## INSTRUCTIONS FOR THE TASK
Could you give back the records exactly, taking out the pictures?

## DATA FOR THIS TASK

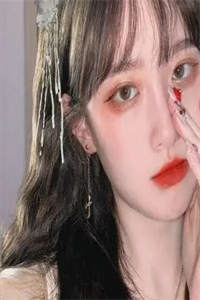 进监狱后，未婚夫杀疯了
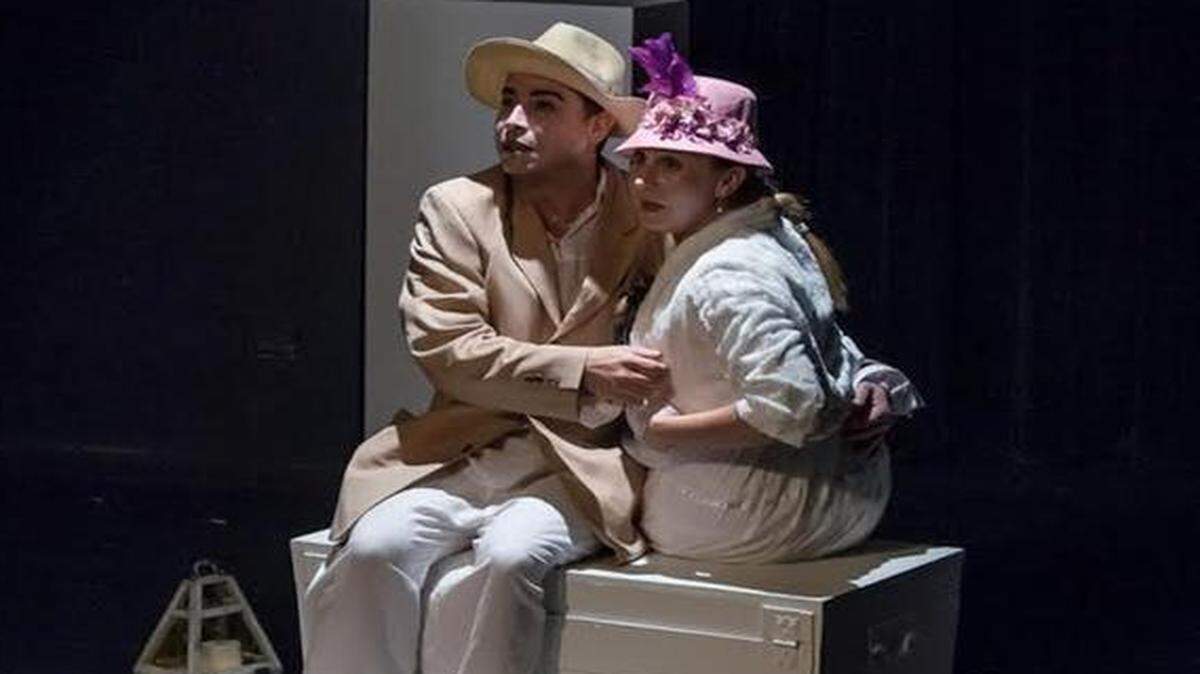 
Leandro Peraza y Maribel Barrios en ‘Mi platero’, dirigido por Eddy Díaz Souza.
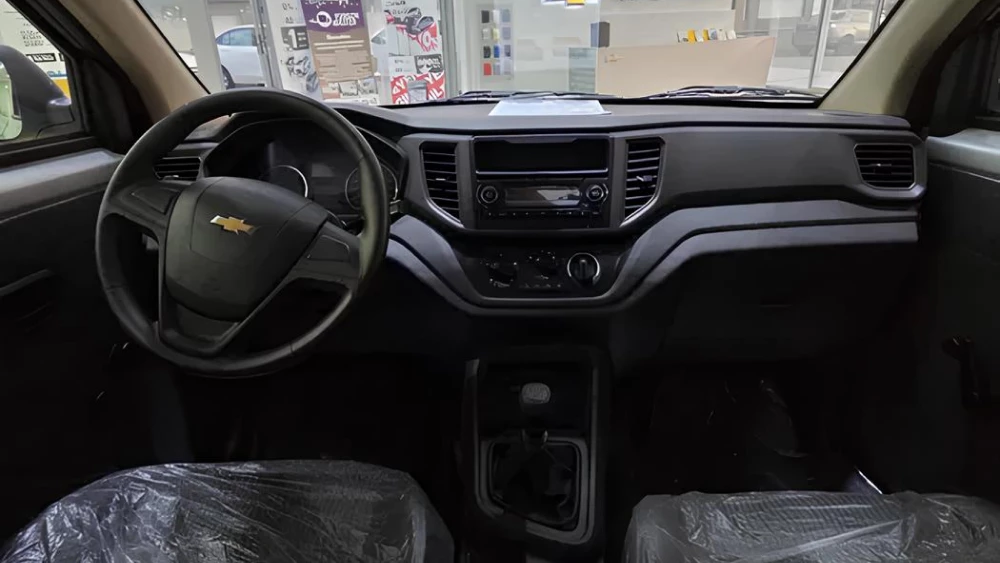 Новый Chevrolet Damas появился у дилеров в Узбекистане салон черный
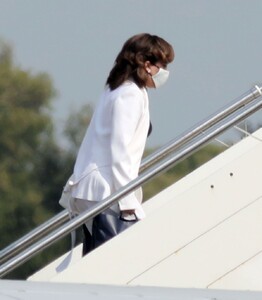 lady-gaga-at-leonardo-da-vinci-international-airport-in-rome-03-04-2021-3.jpg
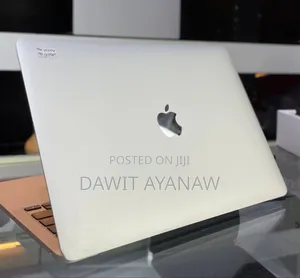 New Laptop Apple MacBook Pro M1 8GB Apple M1 SSD 512GB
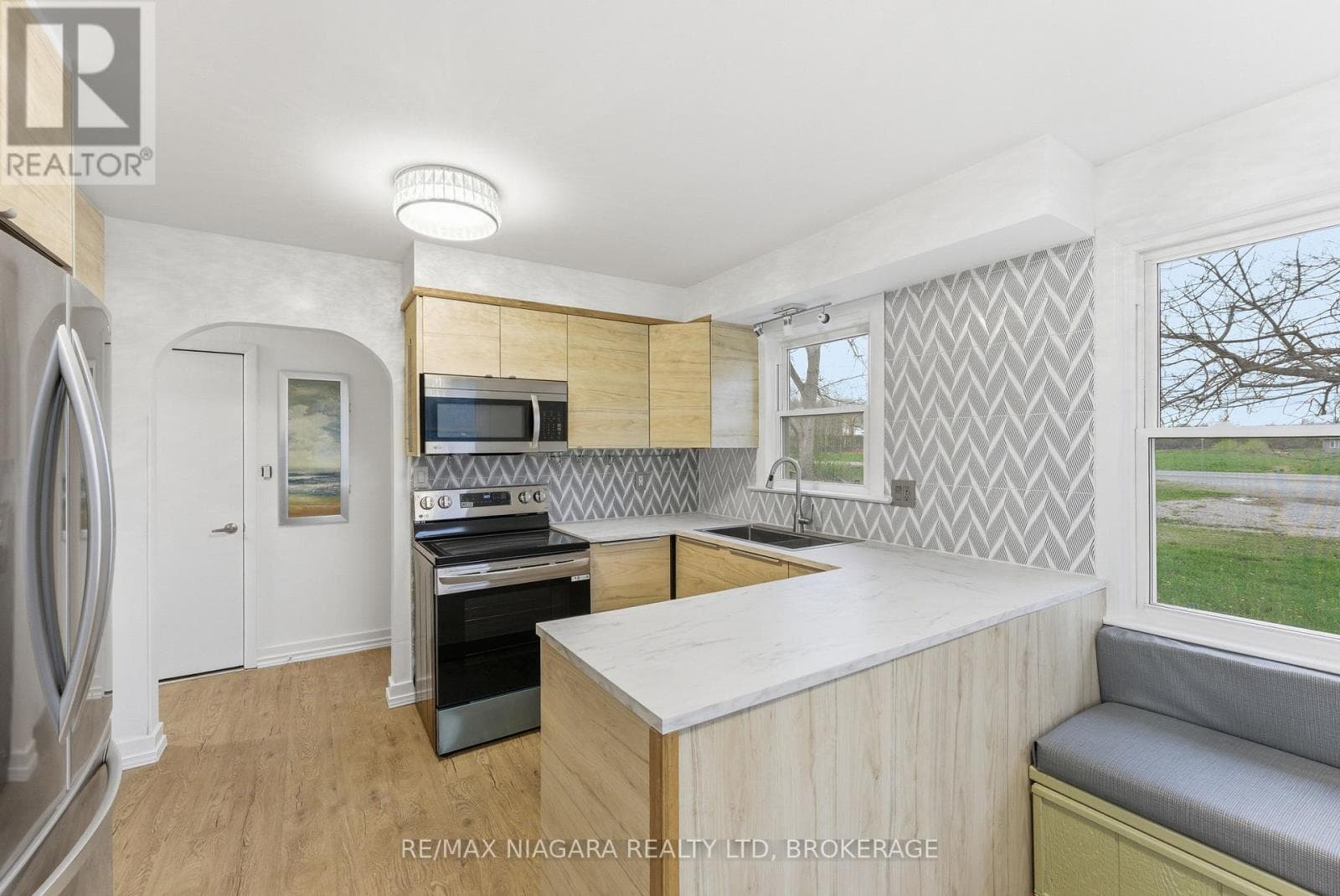 355 BERNARD AVENUE, Niagara — photo 5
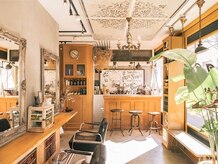 スピークイージー サルーン ビューティースミス(Speakeasy Saloon Beautysmith)の雰囲気（店内）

## EXPECTED ANSWER
 进监狱后，未婚夫杀疯了
Leandro Peraza y Maribel Barrios en ‘Mi platero’, dirigido por Eddy Díaz Souza.
 Новый Chevrolet Damas появился у дилеров в Узбекистане салон черный
 lady-gaga-at-leonardo-da-vinci-international-airport-in-rome-03-04-2021-3.jpg
 New Laptop Apple MacBook Pro M1 8GB Apple M1 SSD 512GB
 355 BERNARD AVENUE, Niagara — photo 5
 スピークイージー サルーン ビューティースミス(Speakeasy Saloon Beautysmith)の雰囲気（店内）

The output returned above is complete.